*** Opening EXTRACTED ENTRIES ***
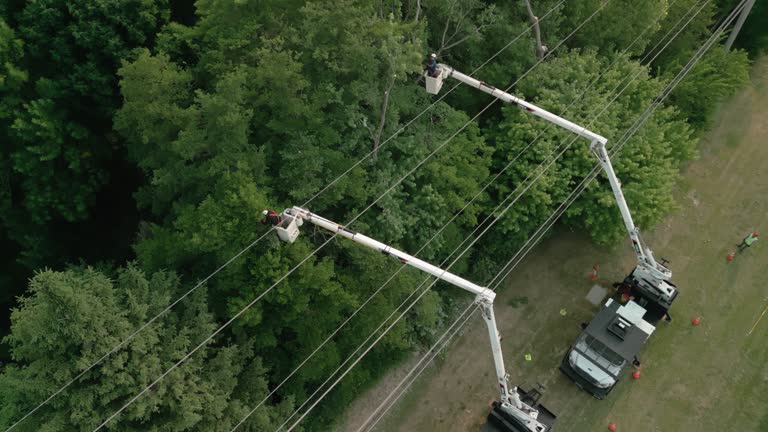 How Our Tree Care Process Works  in Santa Clarita, CA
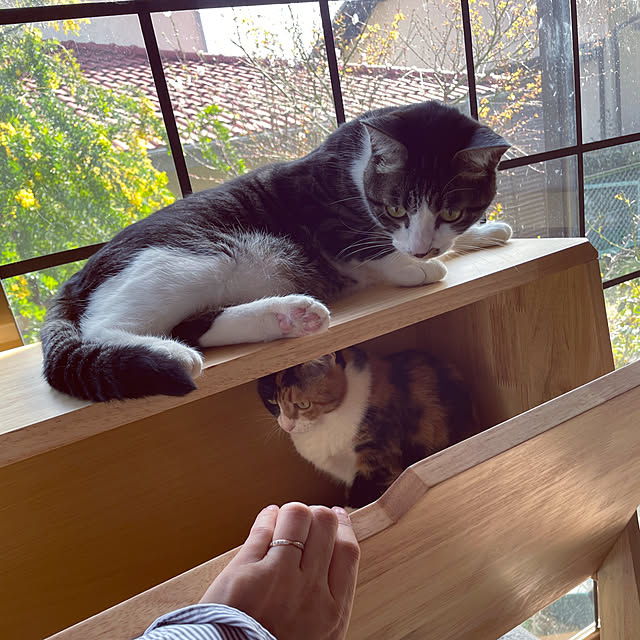 Yukinekoさんの部屋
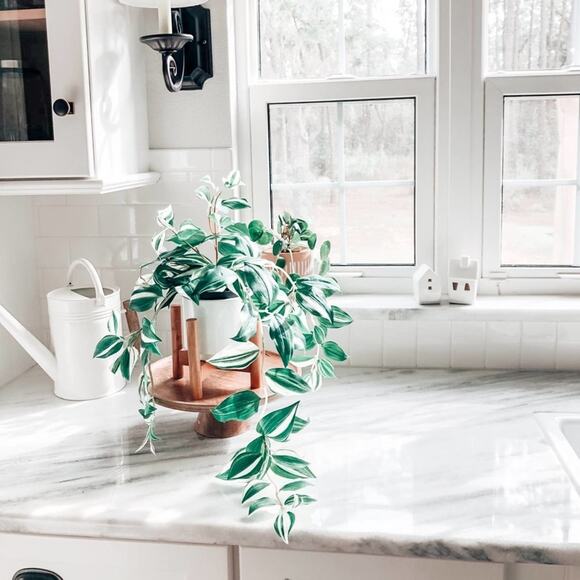 Artificial Wandering Variegated Plant minimalist Boho Decor - Picture 2 of 3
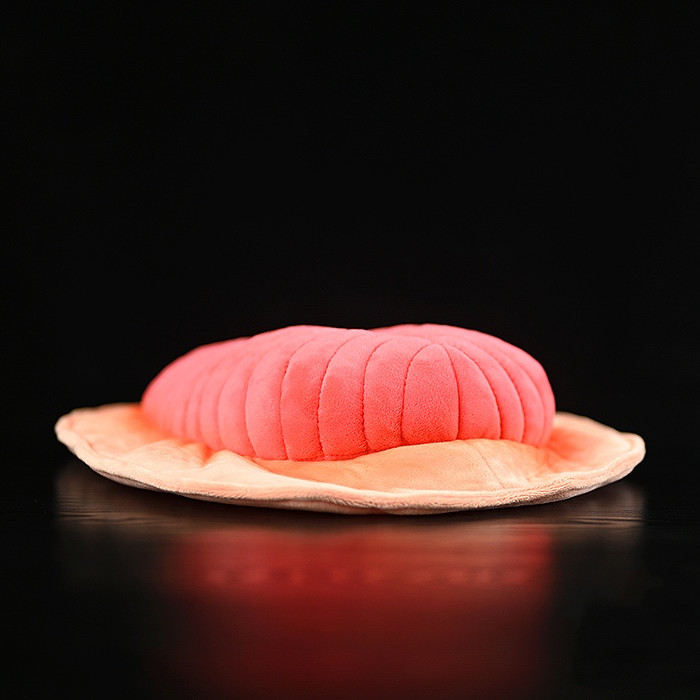 Pink Trilobite Sea-Bug Plush โ photo 5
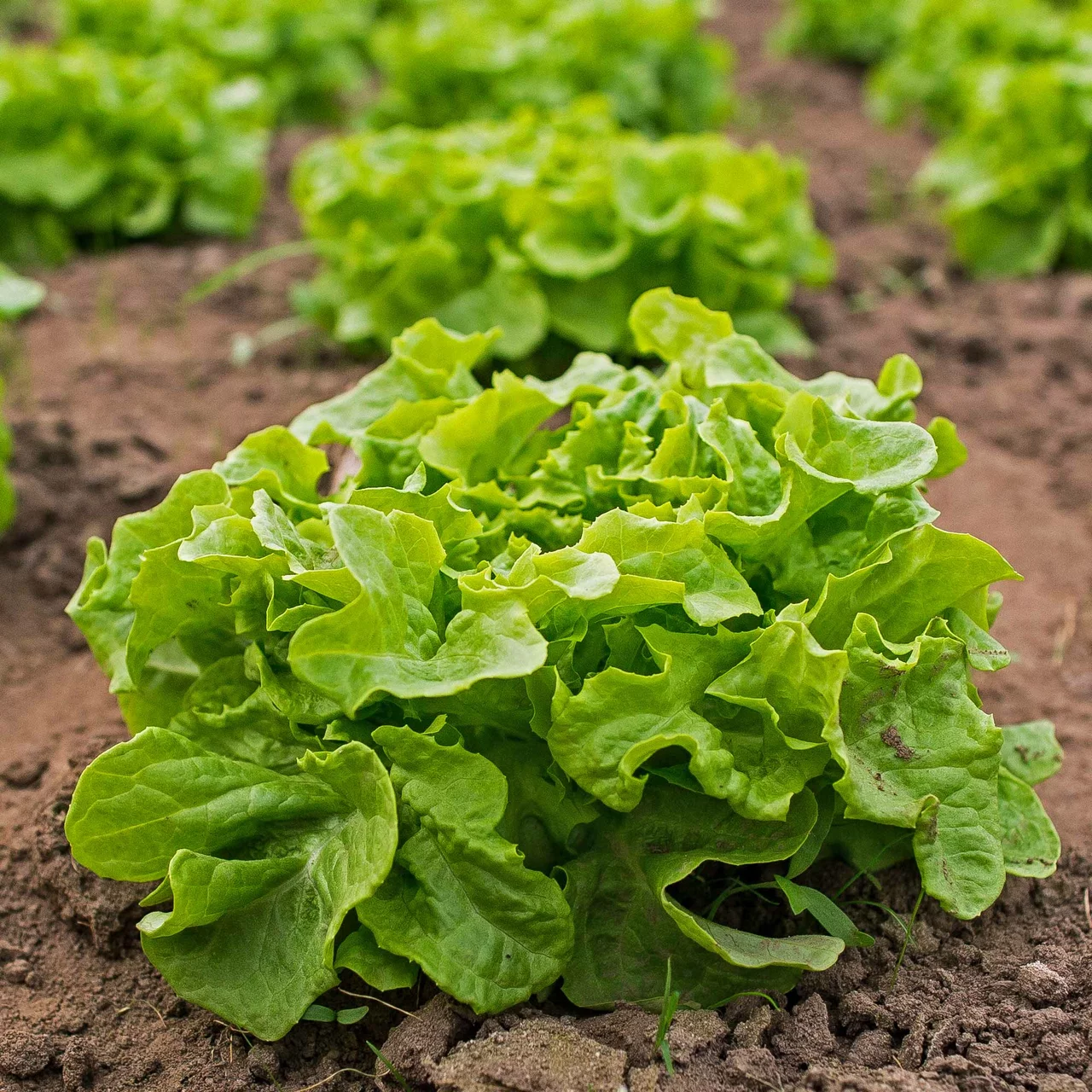 Image du produit pour «RhizoPlus- Bactéries du sol favorisant la croissance» | © Andermatt Biogarten AG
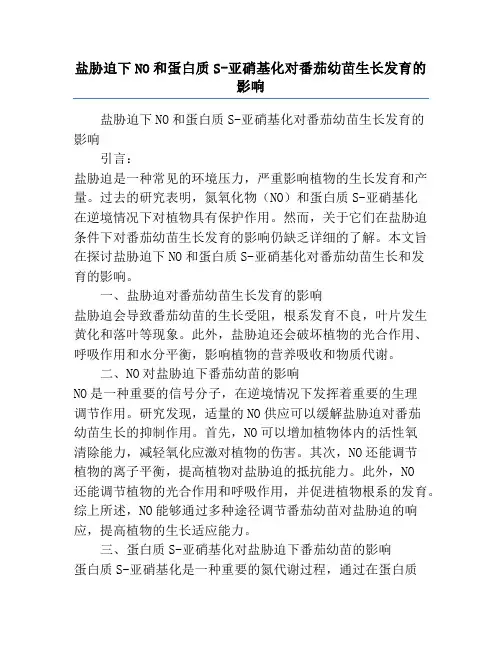 盐胁迫下NO和蛋白质S-亚硝基化对番茄幼苗生长发育的影响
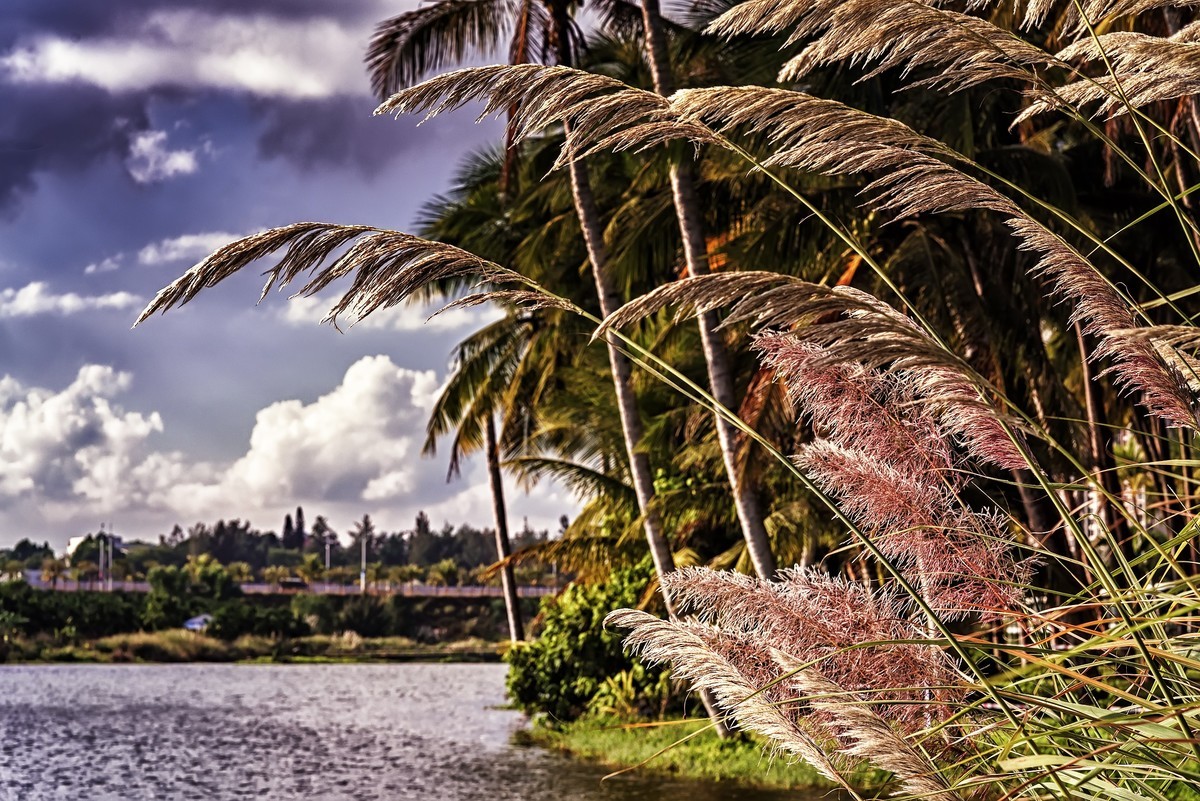 椰子之乡-文昌-椰子大观园（2）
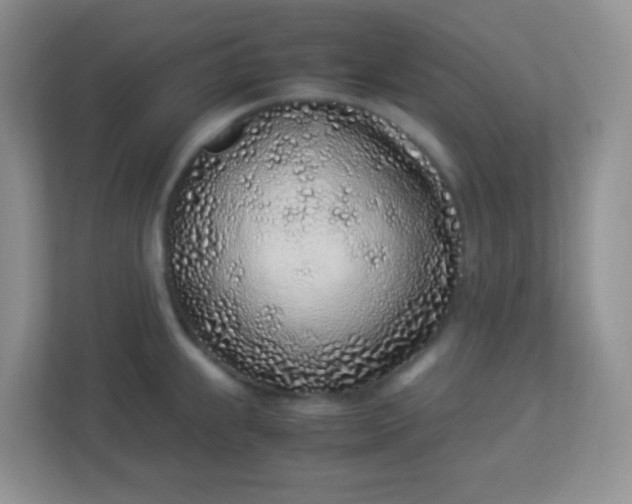 X0000113331239200909281221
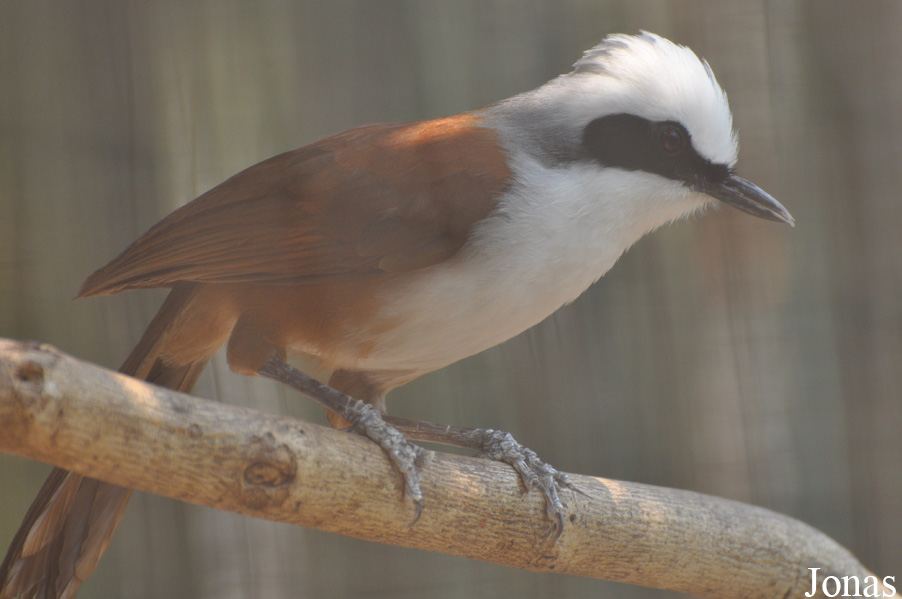 Garrulax leucolophus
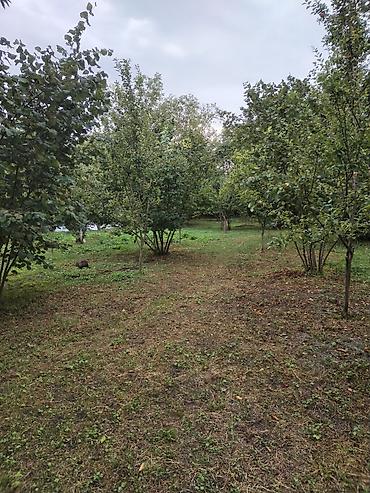 kreditle torpaq sahesi: 31 sot, Tikinti, Kupça (Çıxarış) — 8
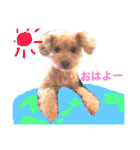 まるぷーのりんこ（個別スタンプ：1）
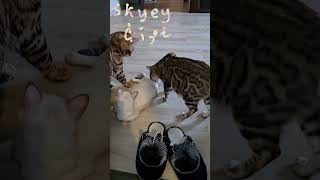 cattery SkyeyGift  bengalkitty catlover [upl. by Atiniv]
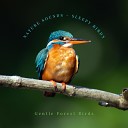 Gentle Forest Birds - Shallow Waters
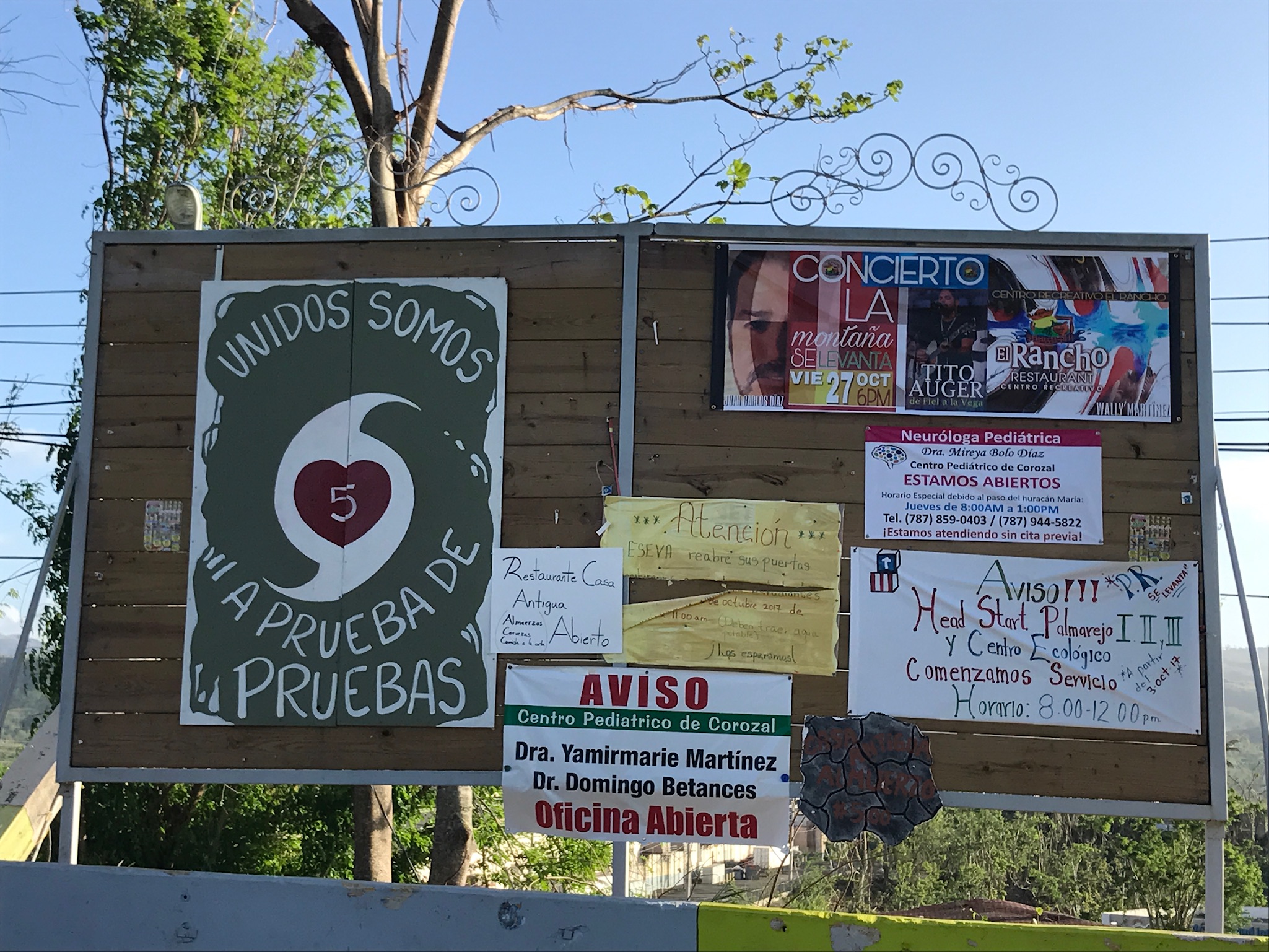 A billboard with several posters tacked on it.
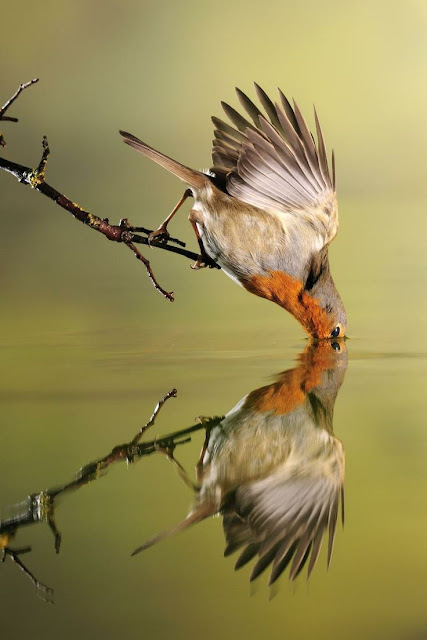 Bird Drinking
*** Closing EXTRACTED ENTRIES ***
TASK GOAL:
The answer consists solely of the lines from the one holding "盐胁迫下NO和蛋白质S-亚硝基化对番茄幼苗生长发育的影响" through the last line of the entries above, set down verbatim, without any pictures.

REPLY:
 盐胁迫下NO和蛋白质S-亚硝基化对番茄幼苗生长发育的影响
 椰子之乡-文昌-椰子大观园（2）
 X0000113331239200909281221
 Garrulax leucolophus
 kreditle torpaq sahesi: 31 sot, Tikinti, Kupça (Çıxarış) — 8
 まるぷーのりんこ（個別スタンプ：1）
 cattery SkyeyGift  bengalkitty catlover [upl. by Atiniv]
 Gentle Forest Birds - Shallow Waters
 A billboard with several posters tacked on it.
 Bird Drinking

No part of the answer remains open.